**** SOURCE DATA ****

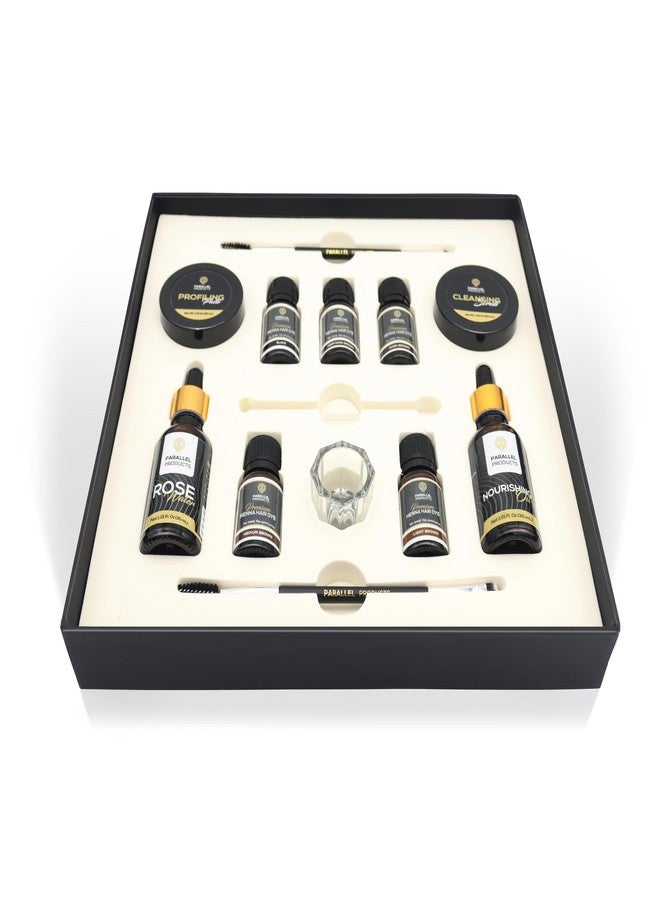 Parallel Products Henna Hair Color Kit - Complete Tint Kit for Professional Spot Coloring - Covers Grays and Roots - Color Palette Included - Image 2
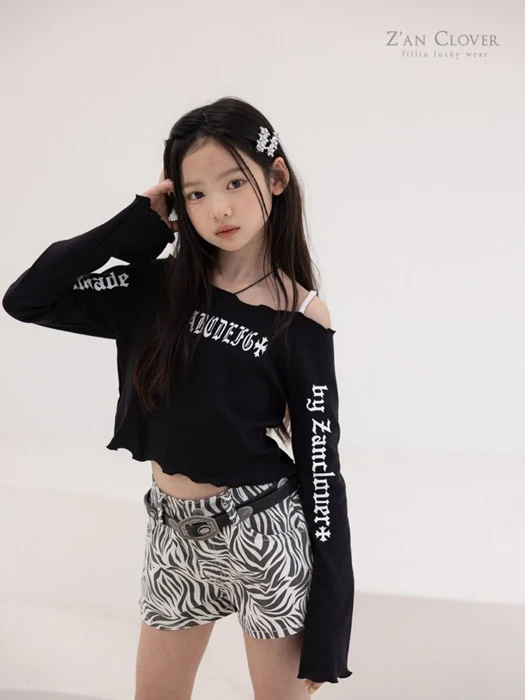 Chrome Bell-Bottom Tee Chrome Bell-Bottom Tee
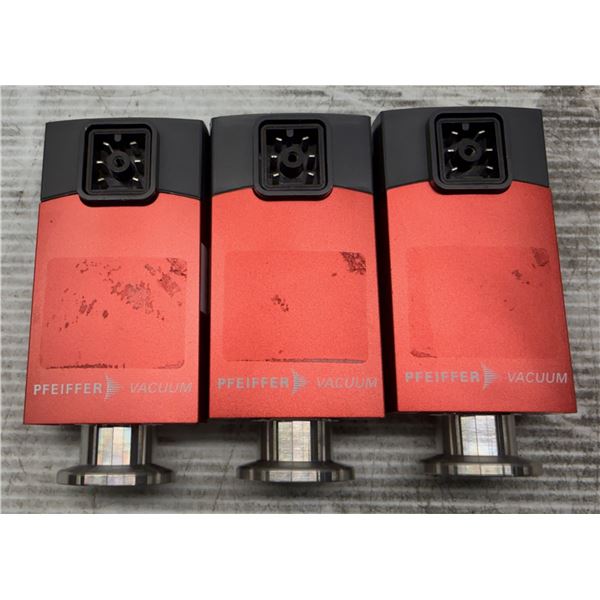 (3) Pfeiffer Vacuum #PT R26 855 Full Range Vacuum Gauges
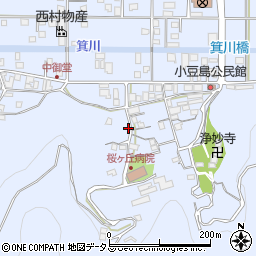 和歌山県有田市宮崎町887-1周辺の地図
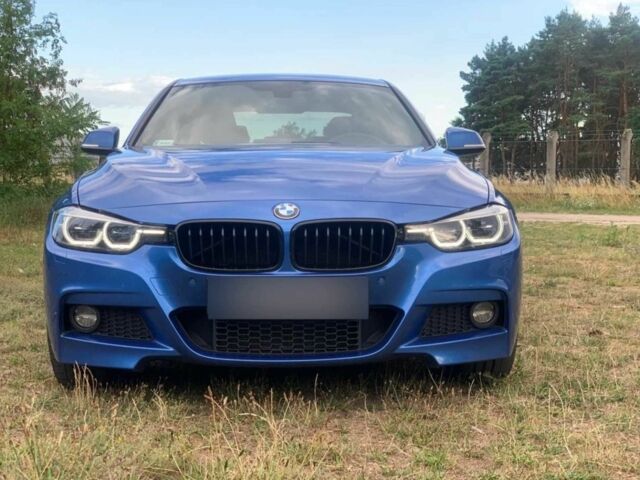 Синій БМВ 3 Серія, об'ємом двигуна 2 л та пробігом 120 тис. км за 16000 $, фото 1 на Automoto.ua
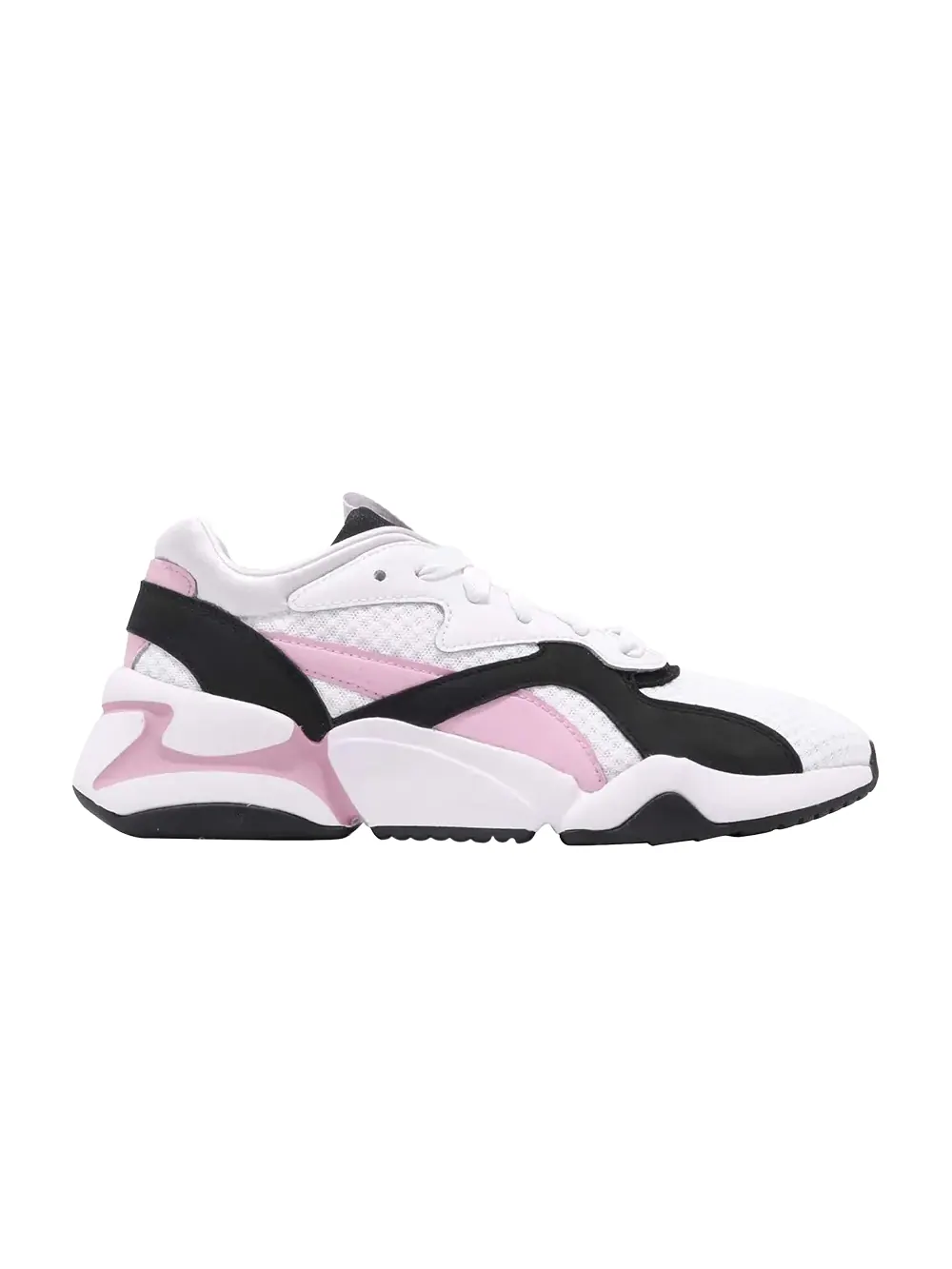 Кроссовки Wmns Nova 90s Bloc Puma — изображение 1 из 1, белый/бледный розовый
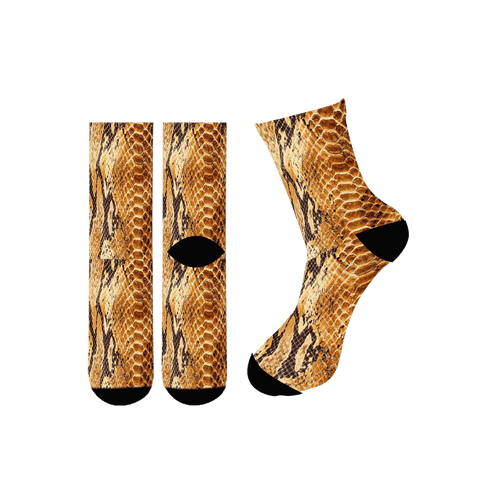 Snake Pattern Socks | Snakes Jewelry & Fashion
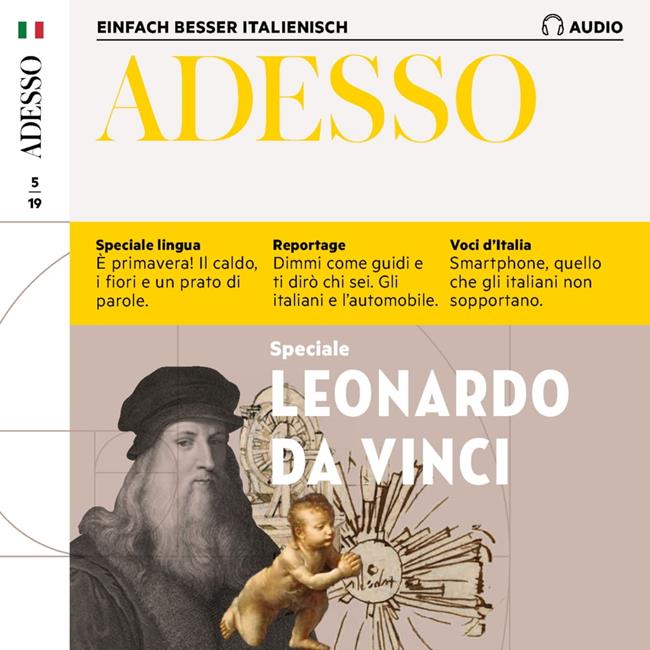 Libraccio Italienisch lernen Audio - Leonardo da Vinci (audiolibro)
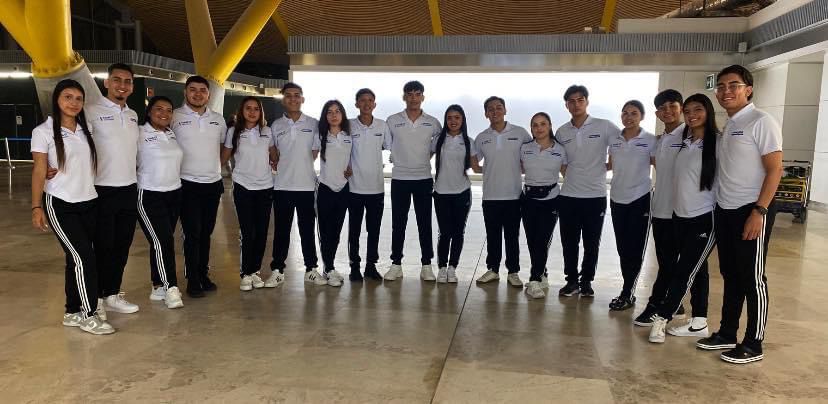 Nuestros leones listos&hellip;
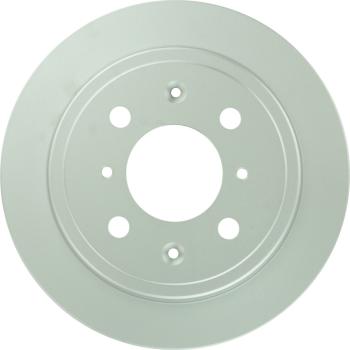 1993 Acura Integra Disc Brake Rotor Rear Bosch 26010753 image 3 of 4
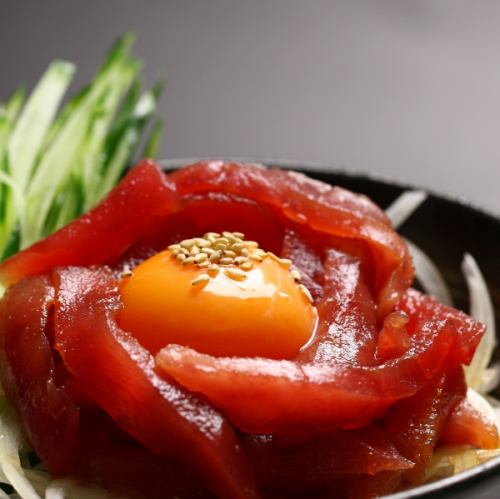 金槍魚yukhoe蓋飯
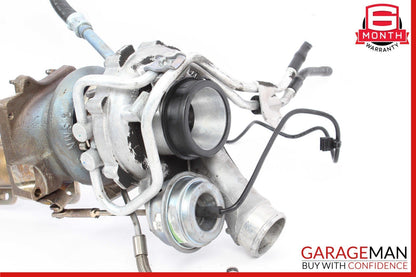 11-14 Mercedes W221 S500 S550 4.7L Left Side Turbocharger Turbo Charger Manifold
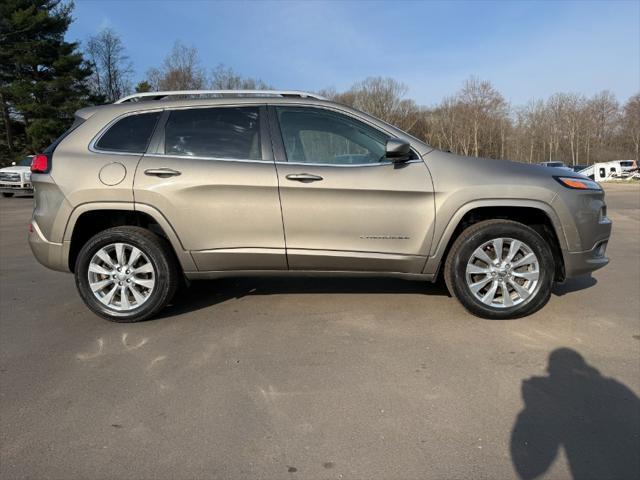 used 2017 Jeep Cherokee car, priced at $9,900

****

> WORK TASK: Nothing but the pictures should be left out when the material above is copied.

> WORKED SOLUTION:
 Parallel Products Henna Hair Color Kit - Complete Tint Kit for Professional Spot Coloring - Covers Grays and Roots - Color Palette Included - Image 2
 Chrome Bell-Bottom Tee Chrome Bell-Bottom Tee
 (3) Pfeiffer Vacuum #PT R26 855 Full Range Vacuum Gauges
 和歌山県有田市宮崎町887-1周辺の地図
 Синій БМВ 3 Серія, об'ємом двигуна 2 л та пробігом 120 тис. км за 16000 $, фото 1 на Automoto.ua
 Кроссовки Wmns Nova 90s Bloc Puma — изображение 1 из 1, белый/бледный розовый
 Snake Pattern Socks | Snakes Jewelry & Fashion
 Libraccio Italienisch lernen Audio - Leonardo da Vinci (audiolibro)
 Nuestros leones listos&hellip;
 1993 Acura Integra Disc Brake Rotor Rear Bosch 26010753 image 3 of 4
 金槍魚yukhoe蓋飯
 11-14 Mercedes W221 S500 S550 4.7L Left Side Turbocharger Turbo Charger Manifold
 used 2017 Jeep Cherokee car, priced at $9,900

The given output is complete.